Shares of GameStop have soared following speculation that the man at the center of the pandemic meme stock craze owns a large number of shares of the video game retailer that may be worth millions
Shares of GameStop soared Monday following speculation that the man at the center of the pandemic meme stock craze owns a large number of shares of the video game retailer that may be worth millions.
GameStock’s volatile stock ended the day with a 21% gain after earlier being up as much as 75%.
Keith Gill, better known as “Roaring Kitty” on social media platforms YouTube and X, also goes by the name Deep F- – – – – – Value on Reddit. Late Sunday, the Reddit account shared a screenshot in the r/SuperStonk forum that people are speculating could be an image of the shares and call options Gill holds in GameStop. The image showed that Gill may hold 5 million shares of GameStop that were worth $115.7 million as of the closing price on Friday. The screenshot also showed 120,000 call options in GameStop with a $20 strike price that expires on June 21. The call options were bought at around $5.68 a piece.
In addition, Gill’s account on X posted a picture of a reverse card from the popular game Uno on Sunday night. There was no text accompanying the image.
This latest activity comes about three weeks after Gill appeared online for the first time in three years, spiking the price of GameStop at the time. In May, the “Roaring Kitty” account posted an image on X of a man sitting forward in his chair, a meme used by gamers when things are getting serious.
The post on X was followed with a YouTube video from years before when Gill championed the beleaguered company GameStop saying, “That’s all for now cuz I’m out of breath. FYI here’s a quick 4min video I put together to summarize the $GME bull case.”

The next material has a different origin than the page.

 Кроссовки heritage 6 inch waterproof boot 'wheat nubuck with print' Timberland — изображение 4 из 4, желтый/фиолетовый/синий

GameStop in 2021 was a video game retailer that was struggling to survive as consumers switched rapidly from discs to digital downloads. Big Wall Street hedge funds and major investors were betting against it, or shorting its stock, believing that its shares would continue on a drastically downward trend.

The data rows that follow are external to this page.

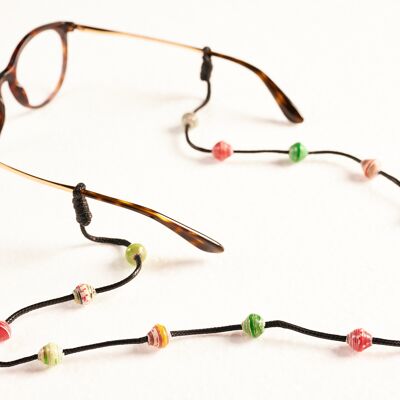 Sangle de lunettes upcyclée en perles de papier "Victoria" - Avec boucle nautique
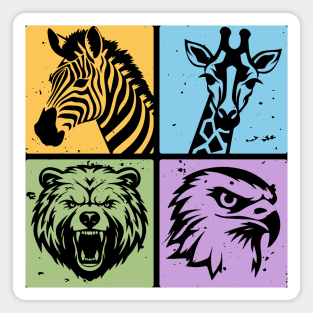 Colorful Wildlife Pop Art Collage Magnet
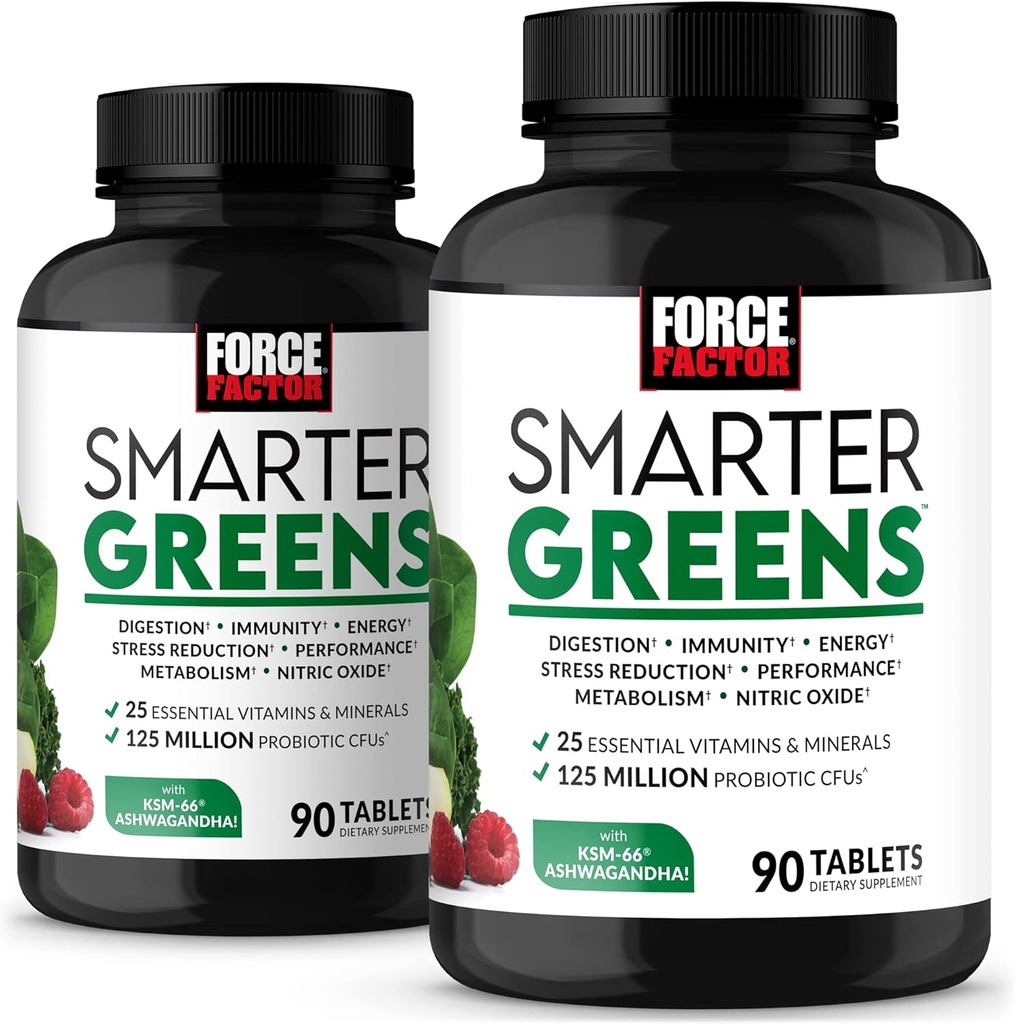 FORCE FACTOR Smarter Greens Plaints, 2-Pack, Greens 补编,配有25+超食品和抗氧化剂,以改善文摘,减少压力,加强豁免和支持代谢,180平板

Gill and those who agreed with him changed the trajectory of a company that appeared to be headed for bankruptcy by buying up thousands of GameStop shares in the face of almost any accepted metrics that told investors that the company was in serious trouble.

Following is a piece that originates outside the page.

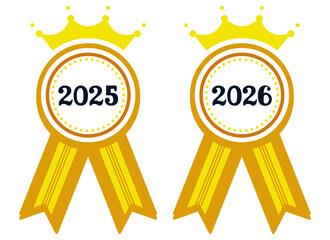 Black and white icon of a rosette with a crown, labeled "2025". Suitable for awards, certificates, and recognition for events or achievements in 2025 and 2026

That began what is known as a “short squeeze,” when those big investors that had bet against GameStop were forced to buy its rapidly rising stock to offset their massive losses.
The day’s meme surge also included movie theater chain AMC Entertainment Holdings, which gained more than 11%. But others shed their gains over the course of the day. Koss Corp. a headphone manufacturer, which was 17% at one point, ended up less than 1%. And BlackBerry, the one time dominant smartphone maker, finished unchanged after being up almost 6%.